BY WENDY ELLIOTT
Kings County Advertiser
October 19, Wolfville Councillor Jim Laceby raised concern with recent negative media reports about child poverty levels in Wolfville as a potential embarrassment for the town.
Mayor Bob Stead declined to term the information in the Vital Signs report as embarrassing. He said the information is simply baseline data and draws no conclusions.
Deputy Mayor Hugh Simpson commented council wants to respond and is looking for an opportunity to explore the issues raised by the report.
In early November, Dick Groot of the community foundation is expected to call a meeting for discussion. Community services director Andrew Fry noted the purpose of the report was to generate feedback for the foundation.
Central Ave work
Construction on Central Ave in Wolfville to make it a pedestrian walkway is about to get underway. The project, undertaken by Howard Little Excavating Ltd., will take about eight weeks.
Vistor numbers up
The Wolfville Visitor Information Centre has enjoyed a positive tourist season after several quiet years.
After a slow start in the spring, numbers were up in July, August and September over each month in 2008.
About 18 building permits have been issued in Wolfville in the last three months. Eight façade improvement projects have been completed on Main St., Front St. and Elm Ave. Three new businesses have located or are in the process of locating in the town. A permit was also issued for a $3 million apartment building on Woodman Grove.
Councillor Bill Zimmerman said a Wolfville Business Development Corporation member survey in early spring indicated business owners are slightly more optimistic than at the time of the last survey three years ago. “We are suffering from turnover of businesses,” he said. “We need to look beyond our traditional base like the new sustainable housing consultants that are now based in Wolfville. People don’t shop enough in Wolfville to retain retail sector.”
Councillor Jim Laceby called for a “look below surface. “We need to look 20 to 25 years ahead. The downtown should be the centre of life for the town. There are some serious challenges ahead.”

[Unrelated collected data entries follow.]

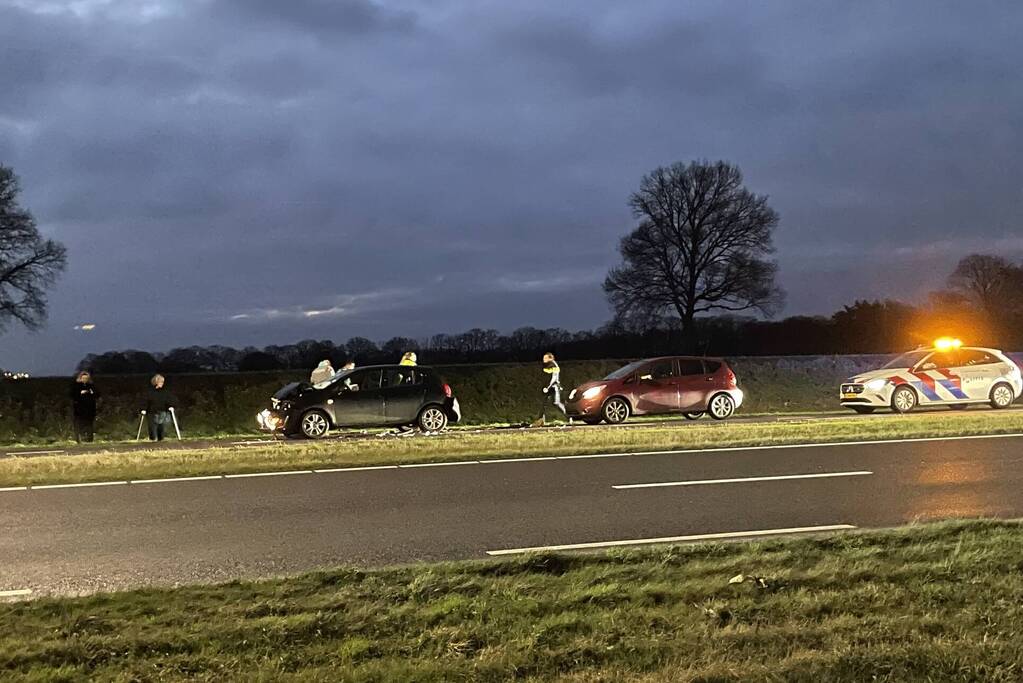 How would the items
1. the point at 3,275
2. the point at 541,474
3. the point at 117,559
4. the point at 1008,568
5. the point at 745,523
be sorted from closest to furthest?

Councillor Keith Irving suggested a civic priority should be an economic strategy and an end survey of businesses that close is a good idea toward that end.
As of Oct. 1, Wolfville has implemented a new parking ticket guideline so unpaid parking tickets can go to the department of justice to be processed. This will ensure the town receives the minimum penalty per parking-infraction ticket issued.
The town has not been collecting all money associated with $15 parking tickets. In the past three years, the uncollected revenue on parking tickets has totaled $9,675.